Hedge fund billionaire Ray Dalio says the West’s push to block China from accessing microchips is “very, very similar” to the policy the U.S. took towards Japan in the 1940s that is widely credited with escalating the Second World War. 

Dalio, who started multi-billion dollar investment fund Bridgewater out of his Manhattan apartment in 1975, told the Money Maze podcast that the push to block China from importing the high-tech machines required to produce semiconductors mirror U.S. embargos on oil exports to Japan in the 1940s. The limits on Chinese exports have impacted companies including Nvidia
NVDA,
+2.21%
and ASML Holding
ASML,
+3.64%.

The U.S. embargo on Japan, which was first brought into force on Aug. 1 1941, is widely understood to have heightened tensions between the two countries and acted as a prelude to the Japanese empire’s attack on Pearl Harbor in December that year.

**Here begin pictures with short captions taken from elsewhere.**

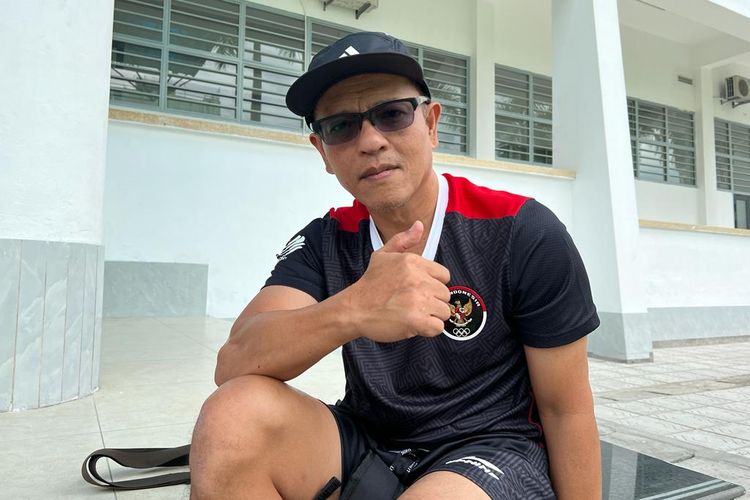 Pelatih pencak silat Indonesia, Bondan Wirawan, ketika bertugas mendampingi atlet-atlet Tanah Air di SEA Games 2021. Foto diambil pada Senin (16/5/2022).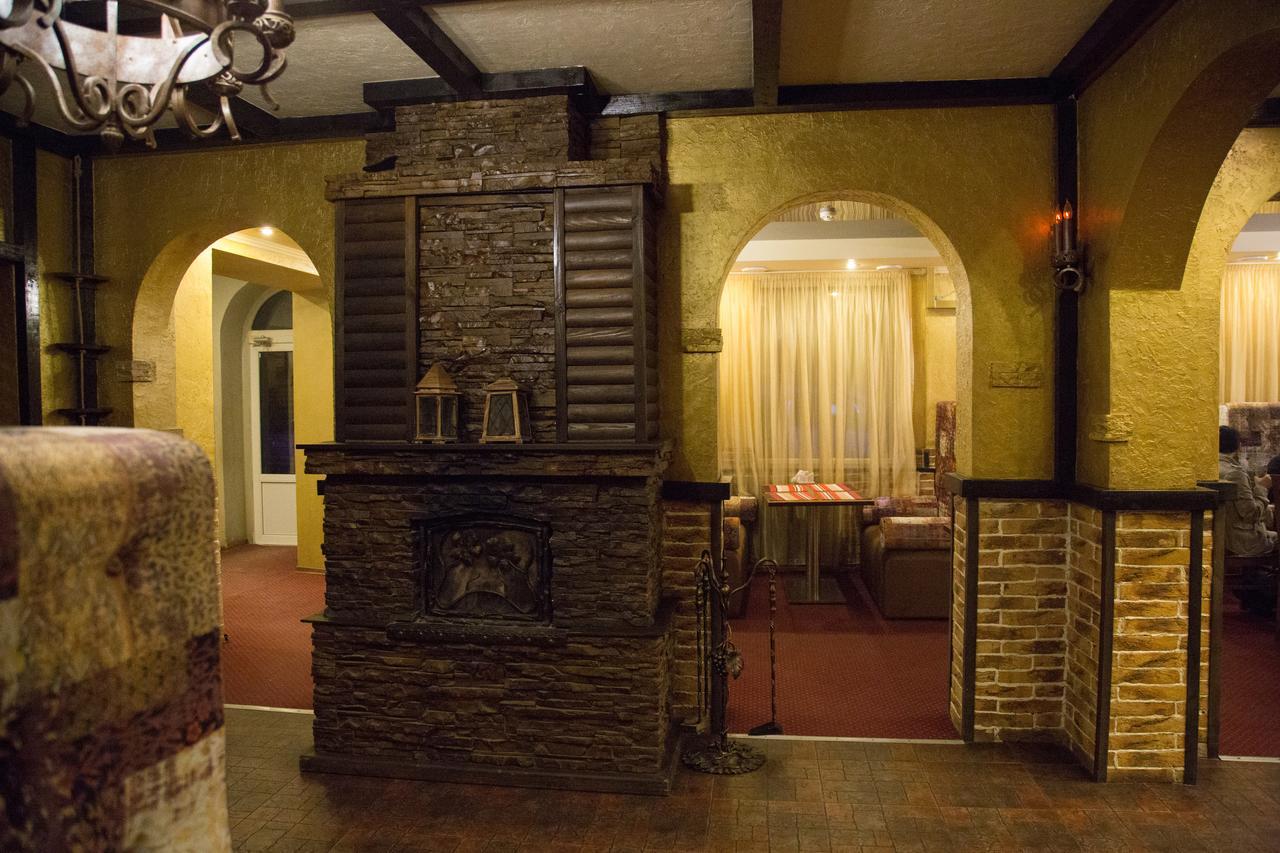 Krts Korona Hotel Sudilovichi Buitenkant foto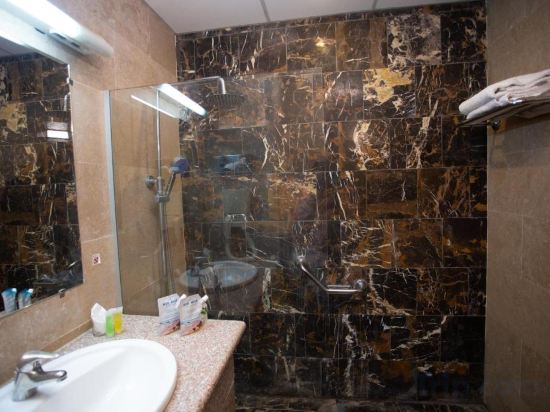 Фото Grand Madaba Hotel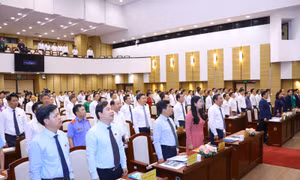 Bế mạc HĐND TP Hà Nội khóa XVI: Khẩn trương, nghiêm túc thực hiện cam kết trước cử tri
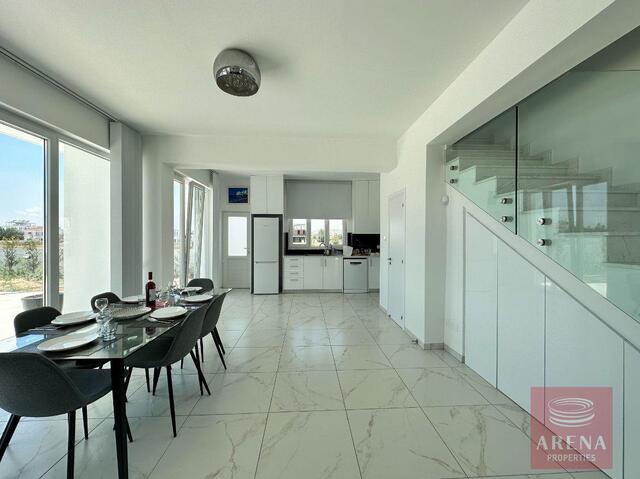 detachedHouse-69fc7b9821462-2.jpg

Dalio argued the United States and Western powers are now seeking to contain China’s growth, in a similar manner to the way the U.S. sought to contain Japan, due to the growing threat the rising power poses to the dominant world order. Dalio argued the Western push to limit China’s access to semiconductor technology sits within the context of a wider fight for global hegemony. “The winner of a technology war is going to be the winner of this global world order war,” he said.

The hedge fund billionaire argued both sides are now preparing for war, as he pointed to internal strife in China and similar internal political conflict in the U.S. In making his point, Dalio pointed to China’s decision to remove defense minister Li Shangfu in October, following the removal of foreign minister Qin Gang in July. 

Dalio suggested the internal political struggles in both countries are aimed at ensuring those in government fall in line in preparation for the outbreak of war.

“In periods of war, there is a great risk of internal conflict. So everybody’s got to line up, and it’s almost dictatorial. Even in the United States of World War II, you were not allowed to be anti-war,” Dalio said. 

The investor, however, said that both the U.S. and China are currently fearful of war due to the extent to which their economies are intertwined. “If you cut this, it’s enormously impactful,” Dalio said. “22% of American manufactured goods imports come from China.”

Dalio noted he made his first trip to China in 1984 during an era of sweeping economic reforms introduced by Chairman Deng Xioaping, that saw China away from Maoism to become “much more capitalist.” 

He explained that Deng held the view that: “It doesn’t matter if it’s a white cat or a black cat, just as long as it catches mice.” 

Dalio has built connections with the country’s top politicians, including close ties with China’s former vice president Wang Qishan, according to the New York Times. 

In interviews, Dalio has repeatedly described China’s leadership as “very capable,” in comments that have seen him labeled a “China booster.” This is despite Bridgewater’s own use of offshore financial instruments to bet against Chinese assets in a way the Chinese government is unable to track, the report said.